Not working for large *.cidx files

Boulund
2011-07-12
2014-03-09
  • Boulund

    Boulund - 2011-07-12

    Hi!

    I've been trying to index some rather large FASTA files, like for example GenBank environmental or GenBank nucleotide databases. During my tests I've discovered that it is indeed possible to index the GenBank nucleotide FASTA file, which is 75GB in size and contains 87763542 entries.
    What does not work is indexing of GenBank environmental FASTA file, which is 23GB in size and contains  entries. What happens is that cdbfasta stops the indexing operation when the index file (env_nt.pfa.cidx_tmp) size reaches 4 GB (4294961152 bytes). I hope that it can be resolved easily. Maybe I can fix it in the source code if you point me the right way?

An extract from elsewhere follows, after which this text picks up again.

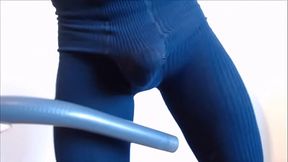 fuckinsox shows off in pantyhose and plays with vacuum cleaner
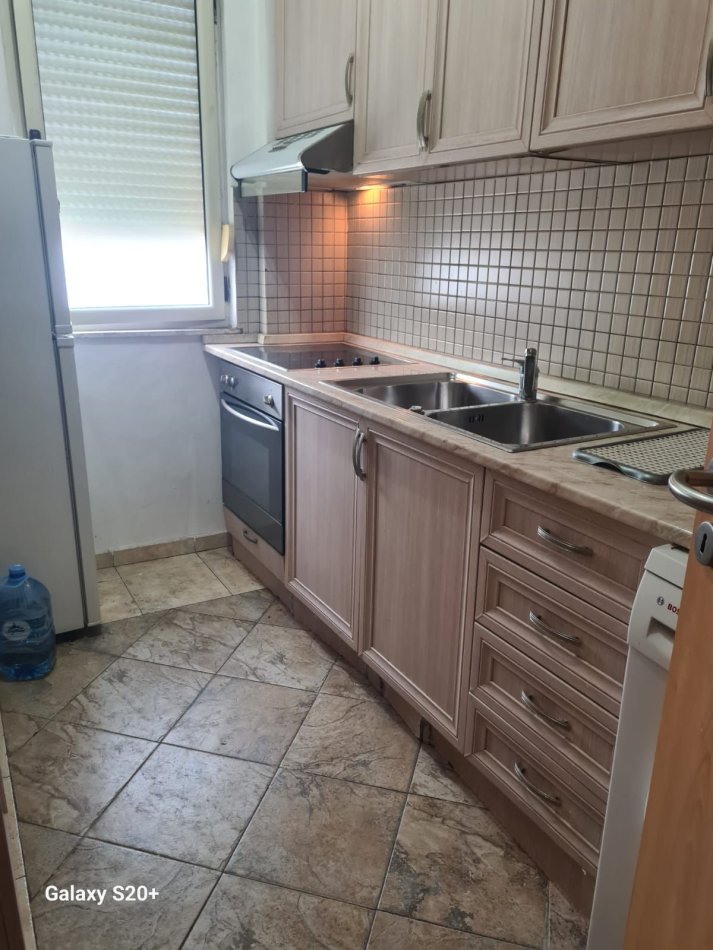 Tirane, jepet me qera apartament 2+1 Kati 4, 80 m² 700 € (Rruga e Kosovareve)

    I'm on 64bit Red Hat Enterprise Linux 6.1, Xeon X3470 and 16GB of RAM.

    /Boulund

     
  • Boulund

    Boulund - 2011-07-12

    It seems that the number of entries in ent_nt did not make it into the post (the exact number of entries is large, in fact so large that my computer won't work with me to count them right now…) and I noticed that I forgot to add information about the *.cidx size for genbank nucleotide database: nt.pfa.cidx is 4242573126 bytes (not far from what seems to be the limit).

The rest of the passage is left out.